> [Source information]:
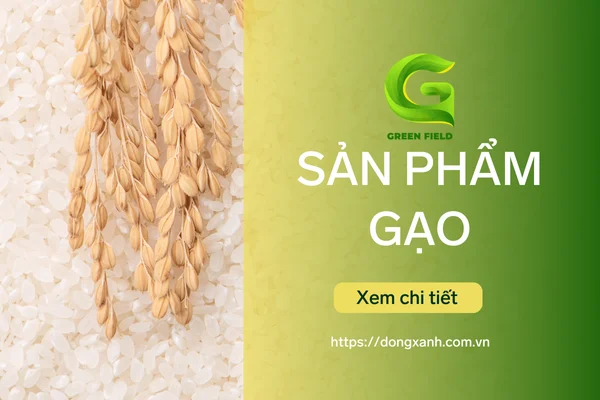 Đồng Xanh - Đơn vị chuyên phân phối các sản phẩm về giống lúa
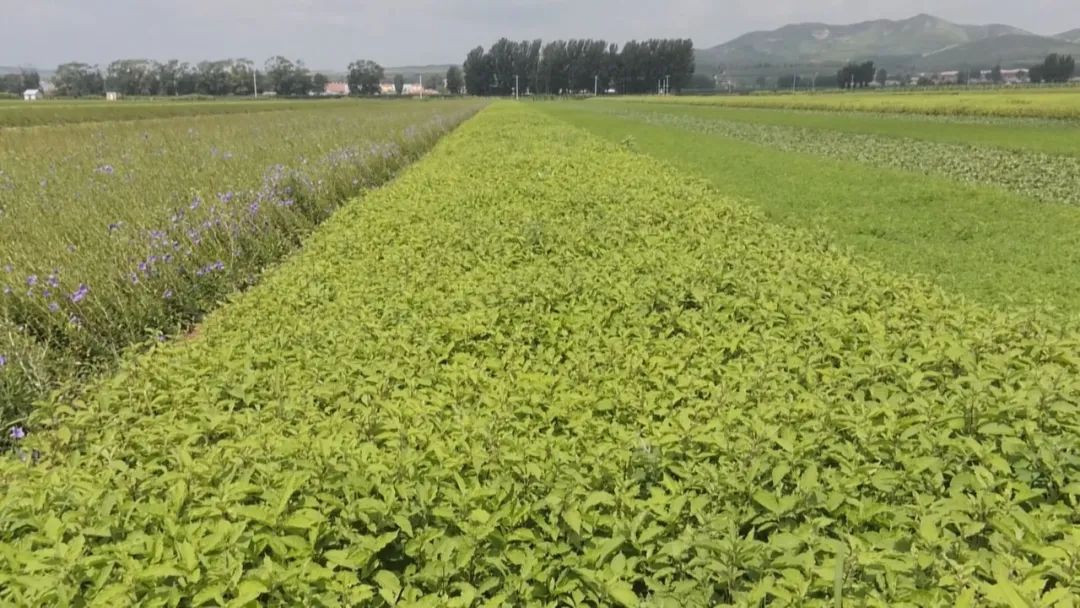 鑻﹁嵂鏉愮鍑虹敎鐢熸椿,鑻﹁嵂鏉愮鍑虹敎鏃ュ瓙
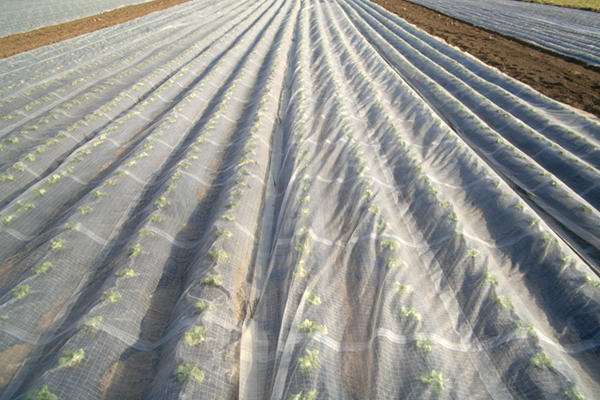 画像：べたがけ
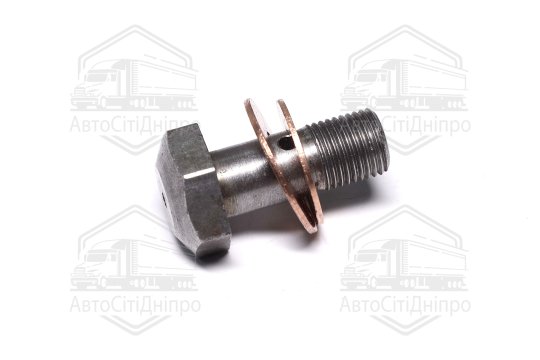 Клапан редукційний оливного розпилювача Еталон, ТАТА Е2-Е4 з ущільн. шайбами (RIDER)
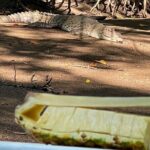 Tamarindo Birdwatching Crocodiles and Monkey Tour - Why This Tour Works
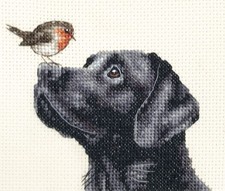 Black labrador dog - black,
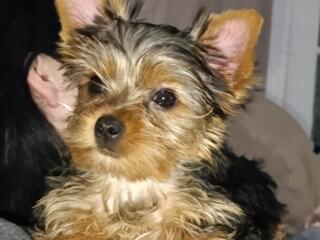 Продам щенков йоркширского терьера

> [Instructions for the task]:
Reproduce nothing but the lines running from the line with "Клапан редукційний оливного" through the end of the records, keeping both end lines and dropping the pictures.

> [Exercise response]:
 Клапан редукційний оливного розпилювача Еталон, ТАТА Е2-Е4 з ущільн. шайбами (RIDER)
 Tamarindo Birdwatching Crocodiles and Monkey Tour - Why This Tour Works
 Black labrador dog - black,
 Продам щенков йоркширского терьера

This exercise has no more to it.